(Scraped caption text data)
======
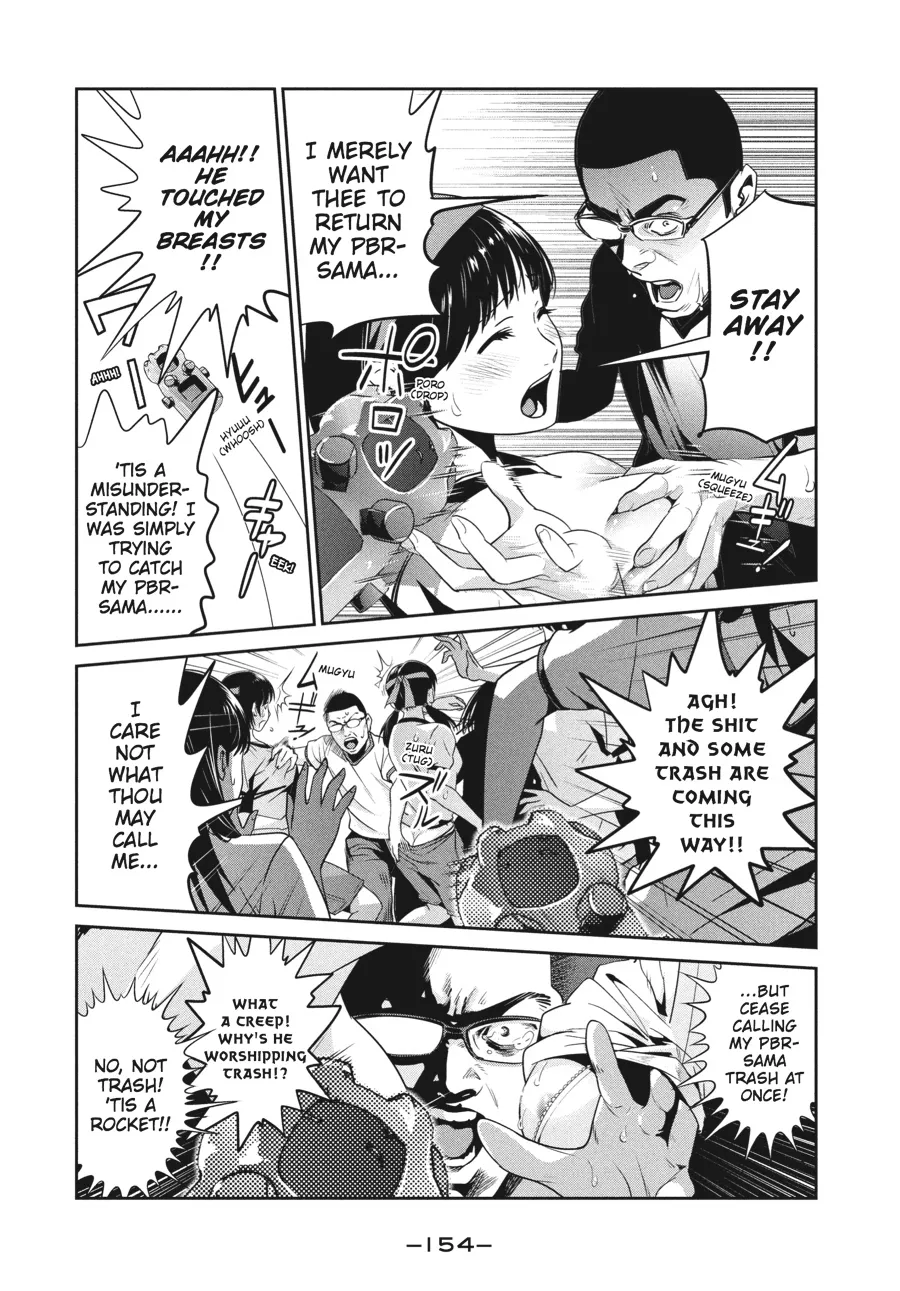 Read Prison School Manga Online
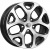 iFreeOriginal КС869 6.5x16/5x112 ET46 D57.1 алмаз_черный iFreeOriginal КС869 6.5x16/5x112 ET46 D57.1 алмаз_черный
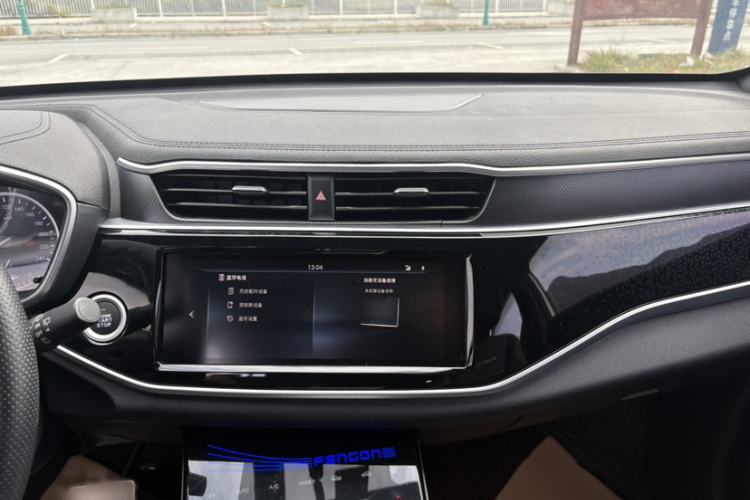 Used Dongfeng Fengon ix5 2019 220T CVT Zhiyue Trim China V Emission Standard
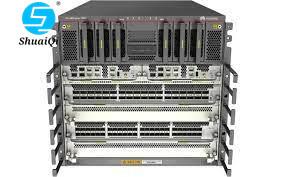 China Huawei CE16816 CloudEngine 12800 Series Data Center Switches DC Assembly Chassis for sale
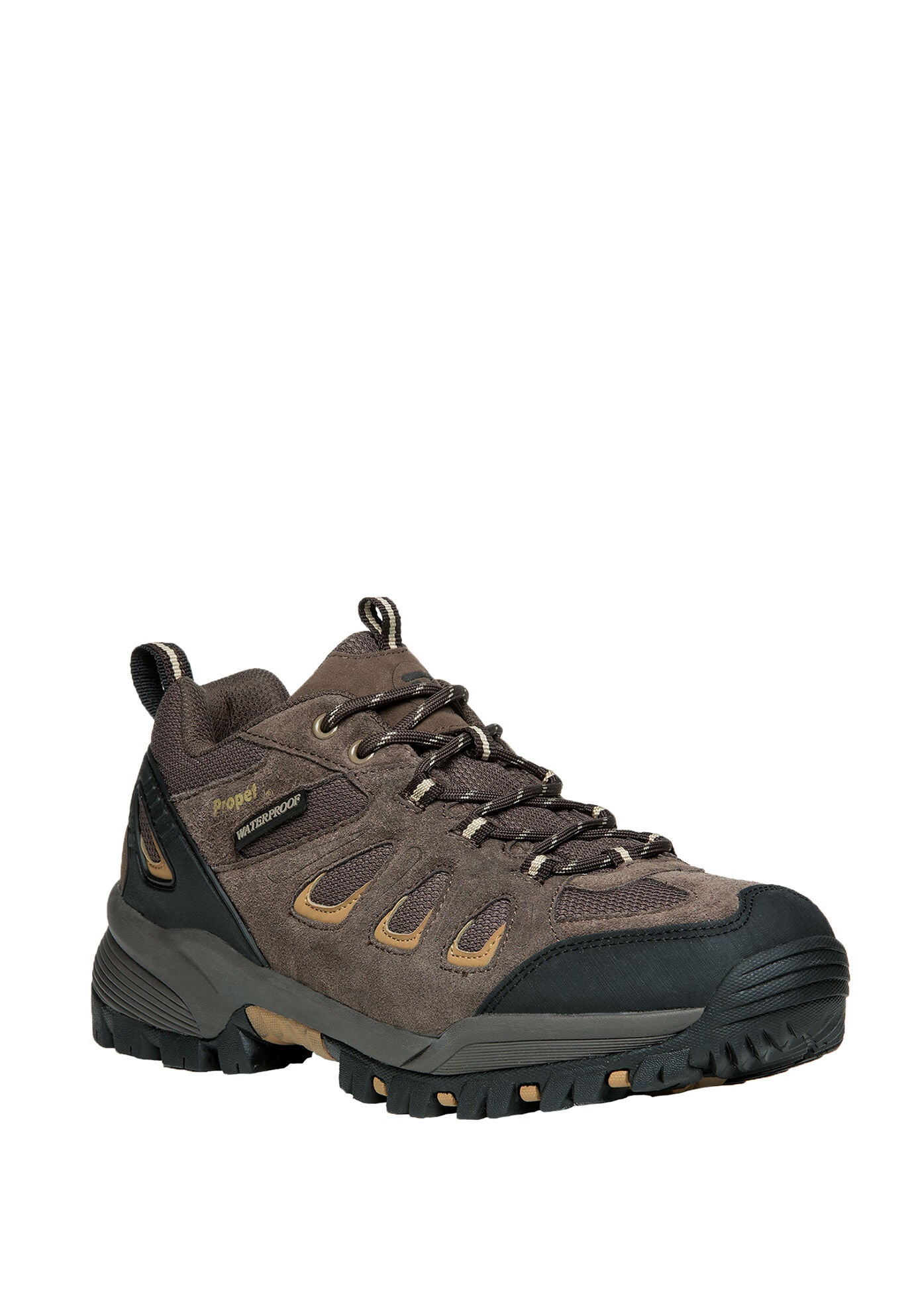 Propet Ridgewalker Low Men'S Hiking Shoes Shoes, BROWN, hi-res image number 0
======
Apart from the pictures, set down all the entries above exactly.

-- TASK RESULT --
 Read Prison School Manga Online
 iFreeOriginal КС869 6.5x16/5x112 ET46 D57.1 алмаз_черный iFreeOriginal КС869 6.5x16/5x112 ET46 D57.1 алмаз_черный
 Used Dongfeng Fengon ix5 2019 220T CVT Zhiyue Trim China V Emission Standard
 China Huawei CE16816 CloudEngine 12800 Series Data Center Switches DC Assembly Chassis for sale
 Propet Ridgewalker Low Men'S Hiking Shoes Shoes, BROWN, hi-res image number 0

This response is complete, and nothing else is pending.